Work item:
Excerpt from the entries below: please repeat exactly the lines from the one containing "Hotel apartamentowy Whala!tenerife" through the last one, both ends included, with no pictures.

Image-caption web data

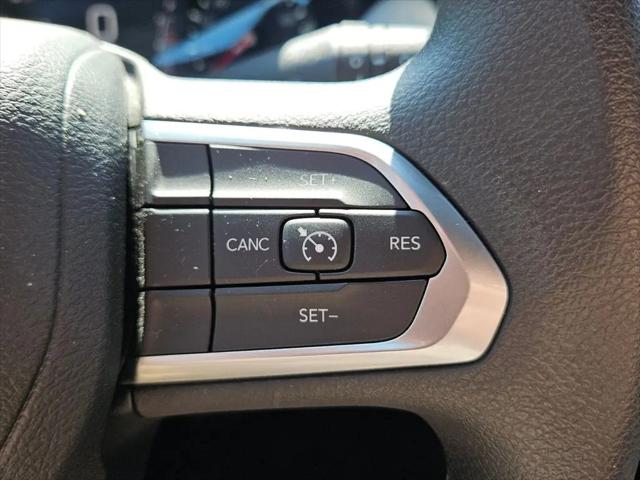 2025 Jeep Compass Sport 4x4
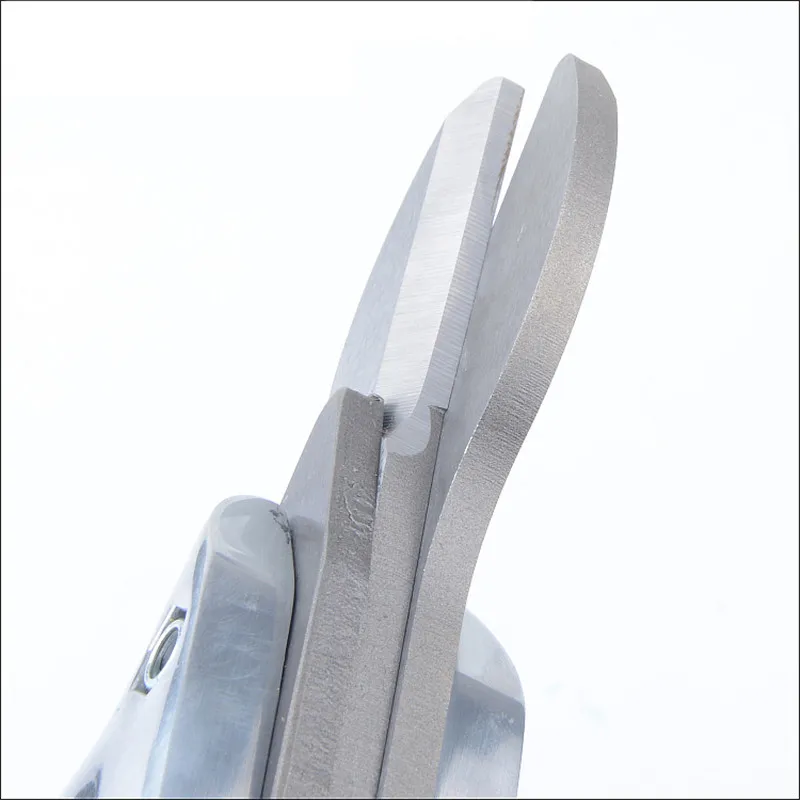 Усиленные пневматические ножницы воздушный железная проволочная сетка режущий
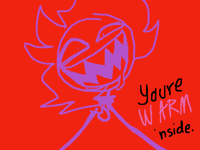 Your intestines are warm rn :0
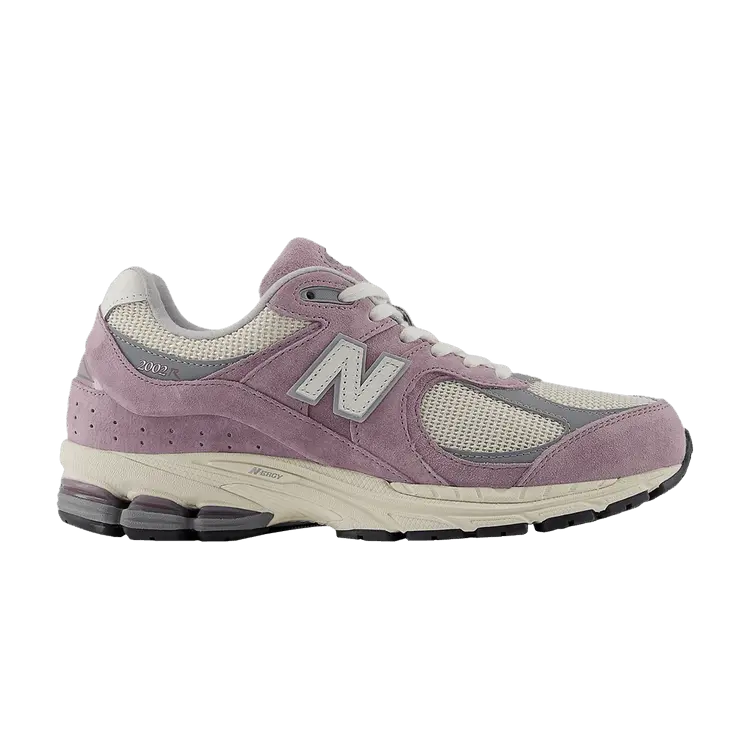 

Кроссовки New Balance 2002R 'Ice Wine Linen', фиолетовый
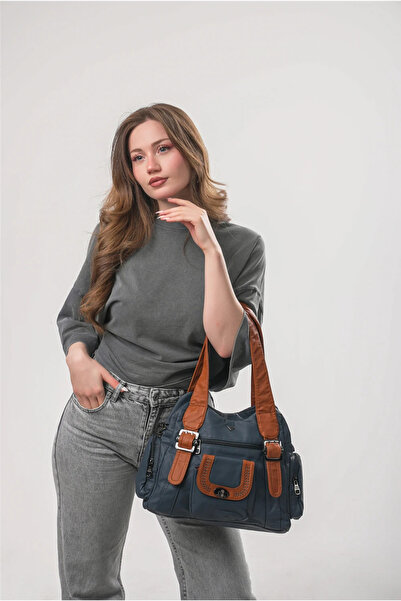 ÇÇS 18162 Women's Shoulder Bag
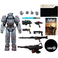 Fallout 76 T-60 7in Deluxe Action Figure McFarlane Elite Edition #3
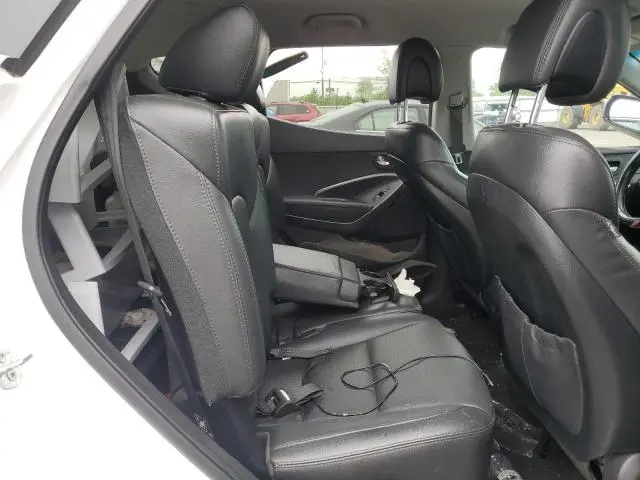 2013 HYUNDAI SANTA FE SPORT   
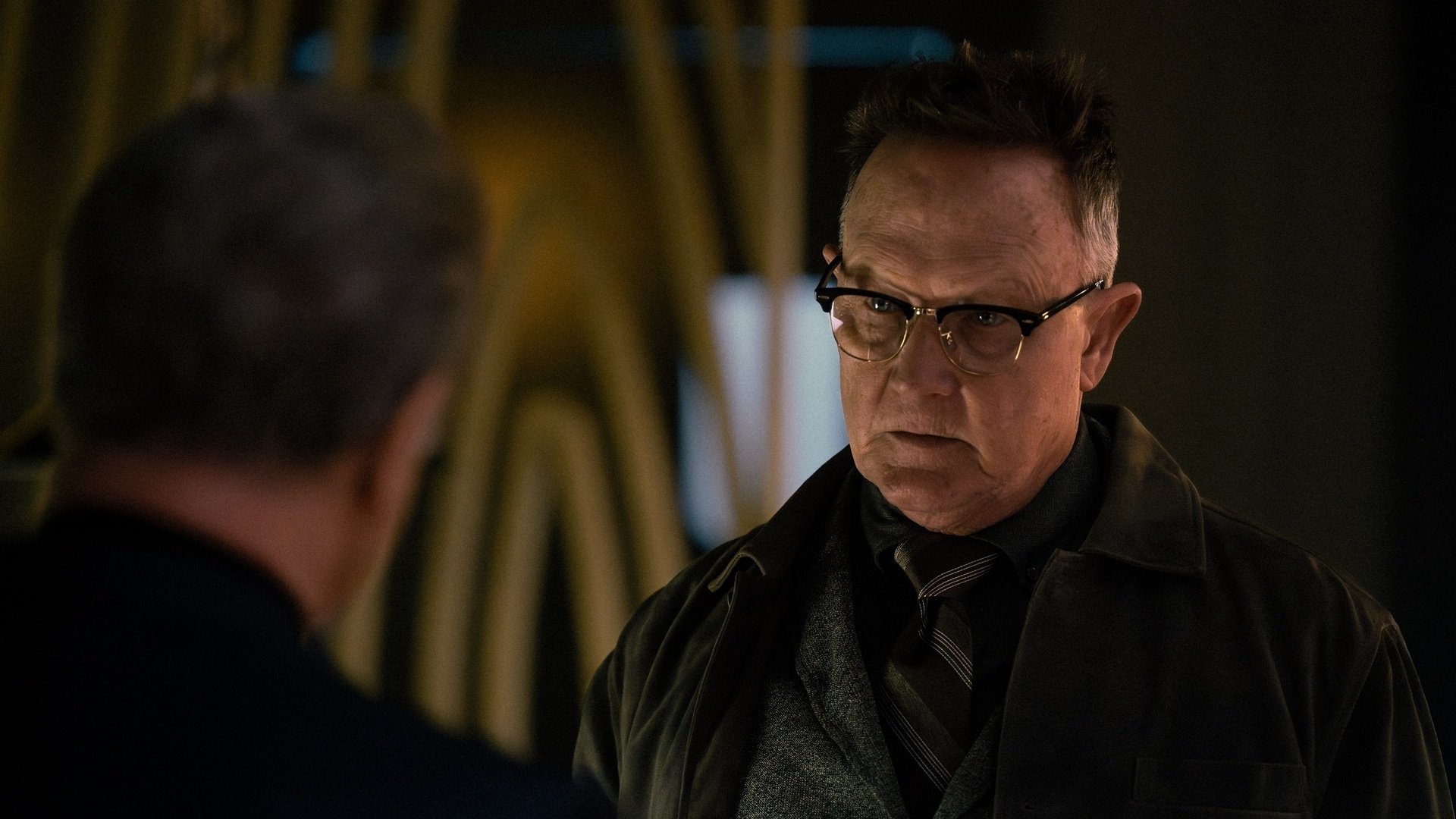 AR - Tulsa King (2022)
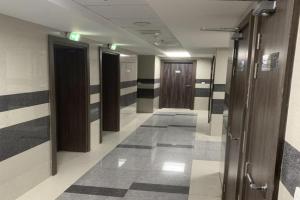 Apartment with sea view, Ajman City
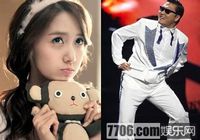 «Psy» и член «Girls' Generation» -Юн А подняли скандал об интрижке на стороне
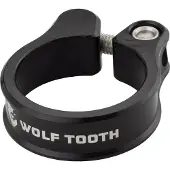Wolf Tooth Abraçadeira De Selim Cnc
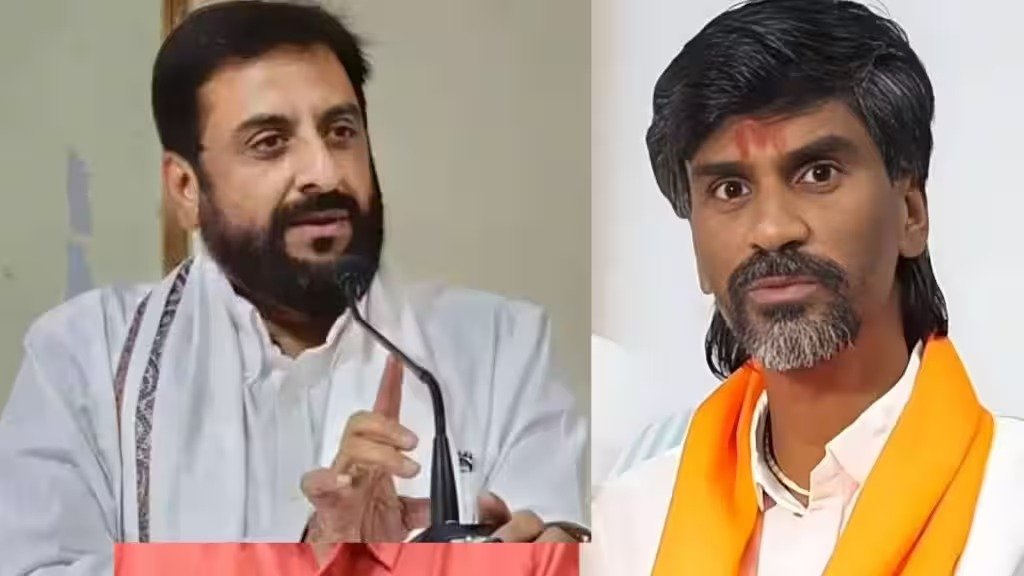“जरांगे पाटील राजकारणात आले तर…”, आरक्षणाचा प्रश्न सोडविण्यासाठी इम्तियाज जलील यांचा जरांगेंना सल्ला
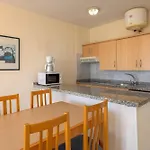 Hotel apartamentowy Whala!tenerife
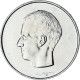 Belgique, Baudouin I, 10 Francs, 10 Frank, 1975, FDC, Nickel, KM:155.1 - 10 Francs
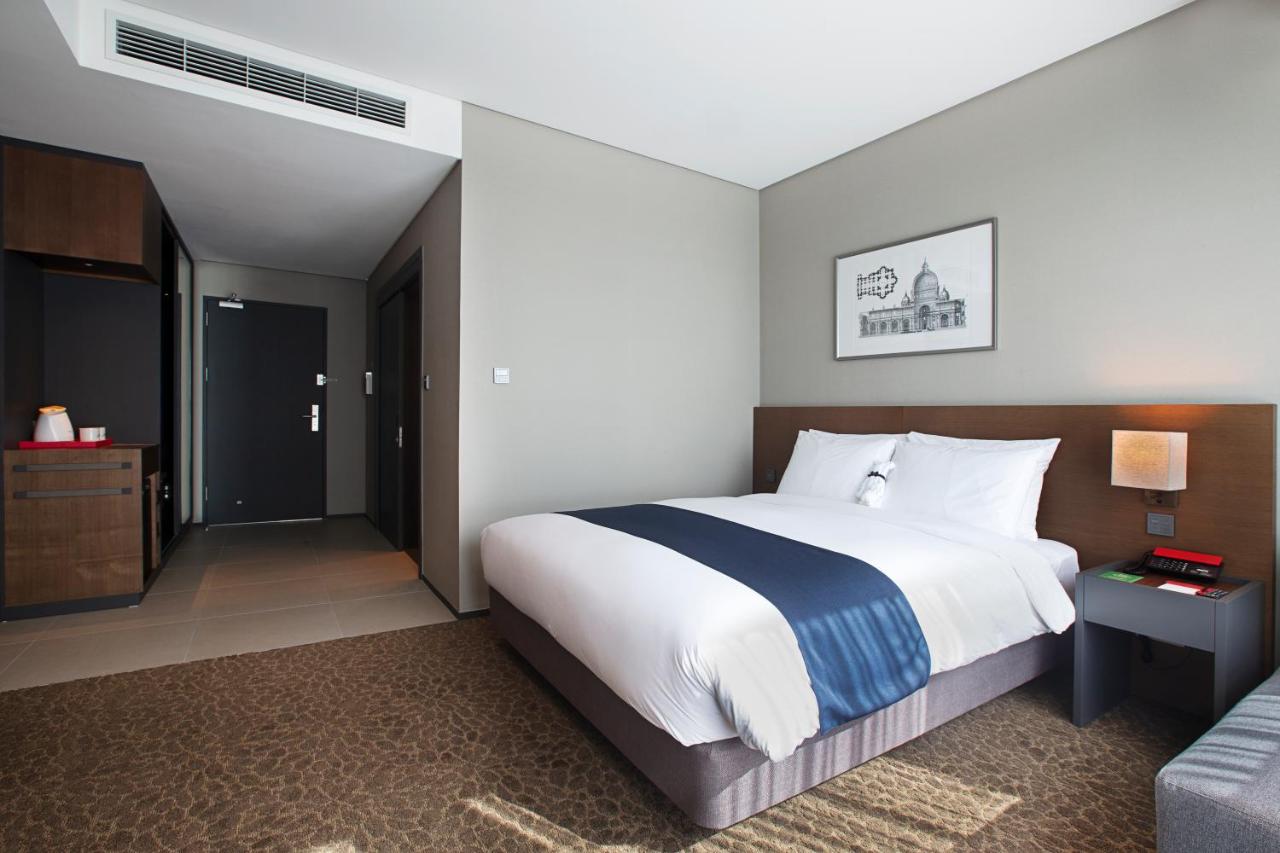 Asti Hotel Busan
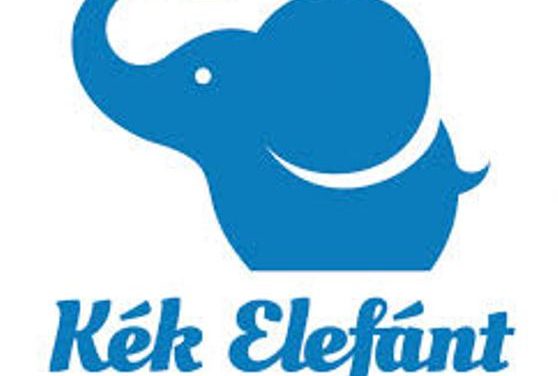 Kék Elefánt Közösségi Tér és Ifjúsági Iroda felhívása
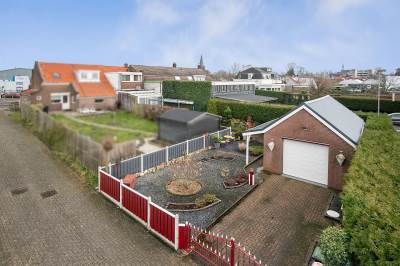 Woning Zeelandweg-Oost 17 Steenbergen (NB)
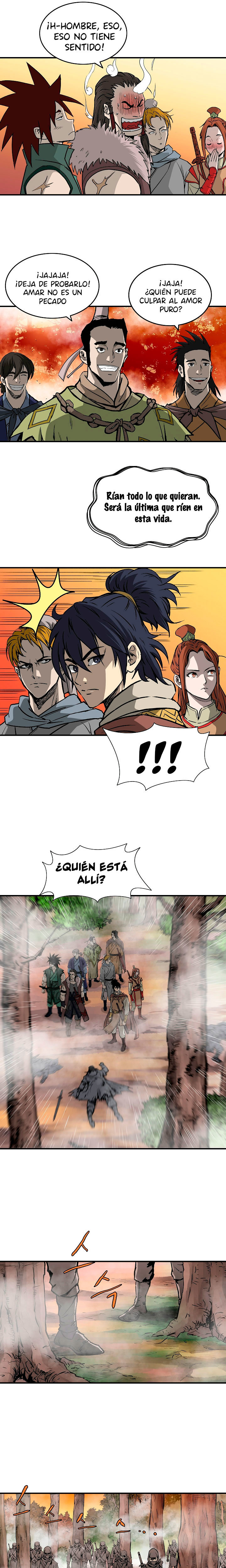 Read Bowblade Spirit ES Manga Online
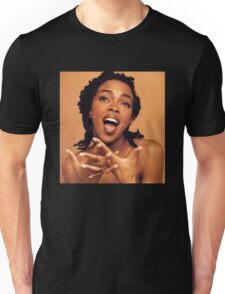 Lauryn Hill: T-Shirts | Redbubble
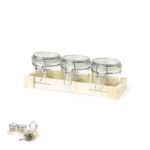 Set Recipientes Gaby - Image 2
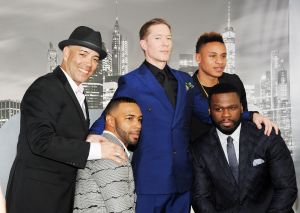 'Power' Season 3 New York Premiere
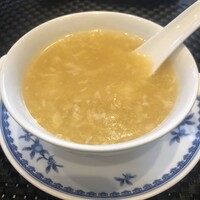 ホテルオークラレストラン名古屋 中国料理 桃花林 - 
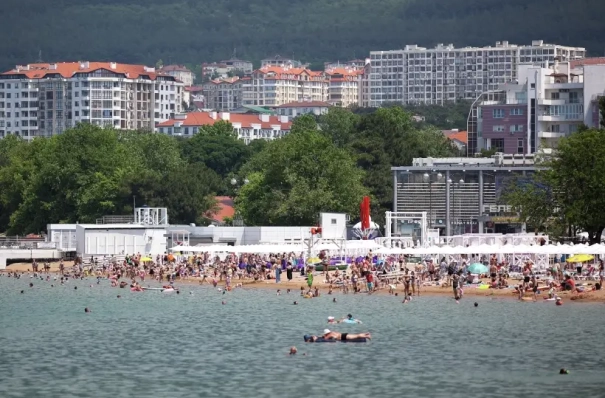 РСТ: количество турпоездок по России выросло почти на 6% в 2025 году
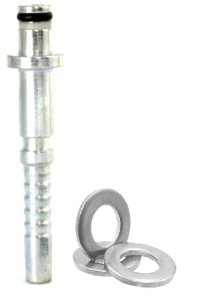 LANCA do KARCHERA DN06 Fi 11 mm  + 3 podkładki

Result:
 Hotel apartamentowy Whala!tenerife
 Belgique, Baudouin I, 10 Francs, 10 Frank, 1975, FDC, Nickel, KM:155.1 - 10 Francs
 Asti Hotel Busan
 Kék Elefánt Közösségi Tér és Ifjúsági Iroda felhívása
 Woning Zeelandweg-Oost 17 Steenbergen (NB)
 Read Bowblade Spirit ES Manga Online
 Lauryn Hill: T-Shirts | Redbubble
 Set Recipientes Gaby - Image 2
 'Power' Season 3 New York Premiere
 ホテルオークラレストラン名古屋 中国料理 桃花林 - 
 РСТ: количество турпоездок по России выросло почти на 6% в 2025 году
 LANCA do KARCHERA DN06 Fi 11 mm  + 3 podkładki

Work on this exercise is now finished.